RRRA: Resampling and Reranking through a Retriever Adapter

This paper proposes the RRRA framework, which attaches a lightweight learnable adapter to a Bi-Encoder to model the false-negative probability of each candidate document. The adapter is used simultaneously for negative resampling during training and reranking during inference, consistently outperforming strong baselines such as SimANS and TriSampler on NQ, TQ, and MS MARCO.

SR-KI: Scalable and Real-Time Knowledge Integration into LLMs via Supervised Attention

This paper proposes SR-KI, a framework that injects structured knowledge bases into LLM KV caches via a two-stage training procedure (retrieval layer localization + attention supervision loss). On a single A100 40GB GPU, SR-KI supports injection of up to 40K knowledge base entries, achieves a compression ratio of up to 99.75% via top-100 selection, and maintains an average Recall@10 above 88%.

Towards Inference-Time Scaling for Continuous Space Reasoning

This work presents the first systematic investigation of whether inference-time scaling techniques from discrete text reasoning can transfer to continuous latent-space reasoning models (COCONUT). It finds that dropout sampling can generate diverse reasoning paths (Pass@32 reaching 44.43%), but PRM/ORM yields less than 2.3% improvement, with the root cause being that continuous thought representations lack the geometric inductive bias needed to distinguish correct from incorrect reasoning.

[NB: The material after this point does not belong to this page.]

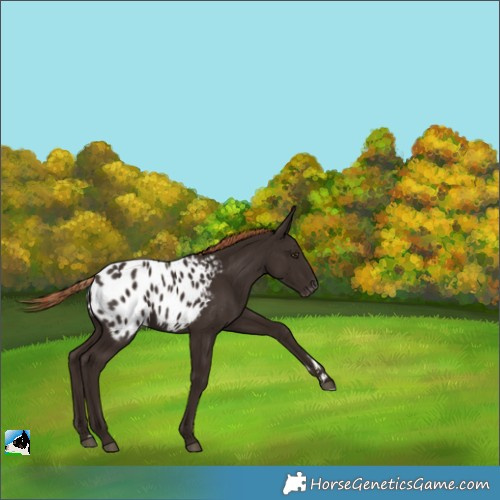 Horse Color:Liver Chestnut Appaloosa Rabicano 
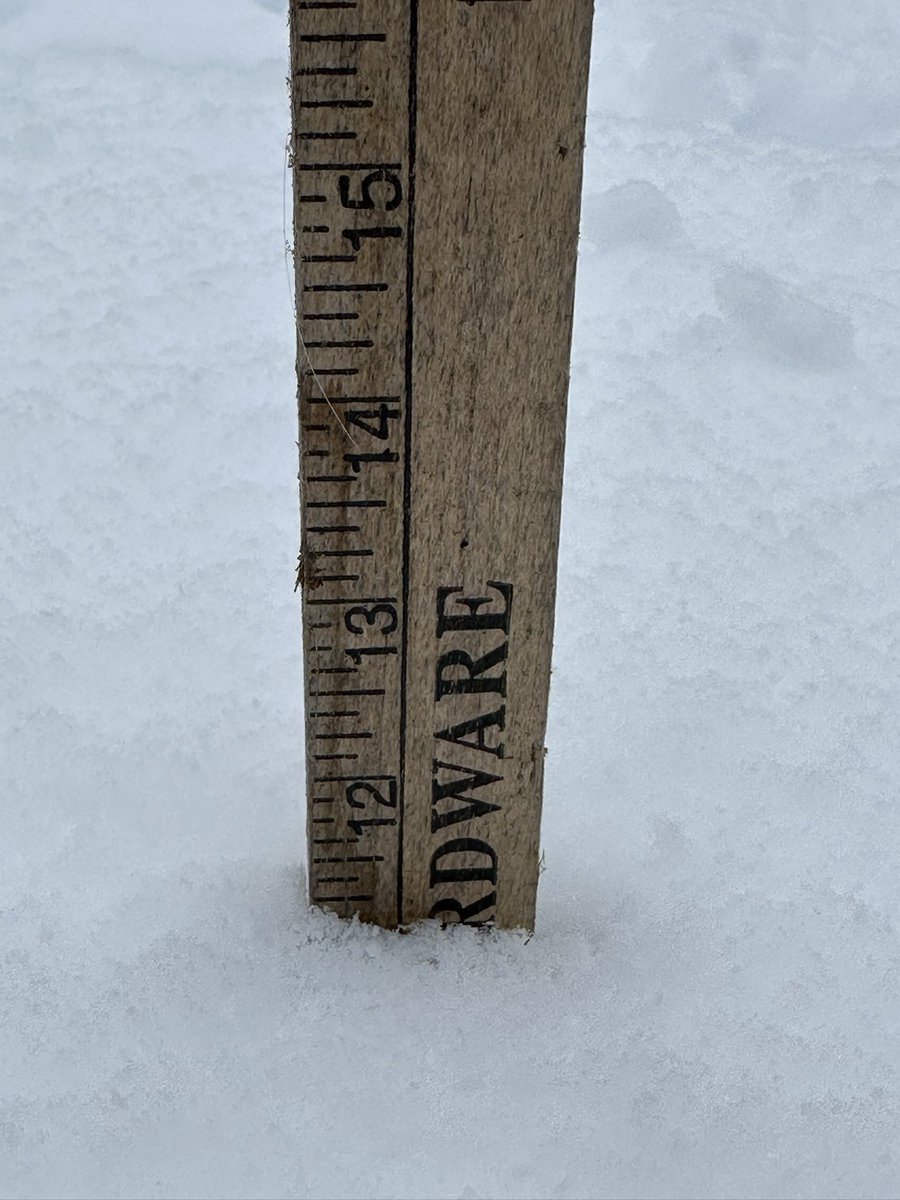 for you, <a href="/NWSBurlington/">NWS Burlington</a>. 11.25” storm total in braintree at 1,575’. ❄️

When Small Models Are Right for Wrong Reasons: Process Verification for Trustworthy Agents

By analyzing 10,734 reasoning trajectories, this paper reveals a severe "Right for Wrong Reasons" (RWR) phenomenon in small language models (7–9B): 50–69% of correct answers contain fundamental reasoning flaws. The authors propose the Reasoning Integrity Score (RIS) as a process-level metric, find that RAG effectively improves reasoning quality while metacognitive interventions are harmful, and distill a fast classifier (0.86 F1, 100× speedup) for real-time deployment.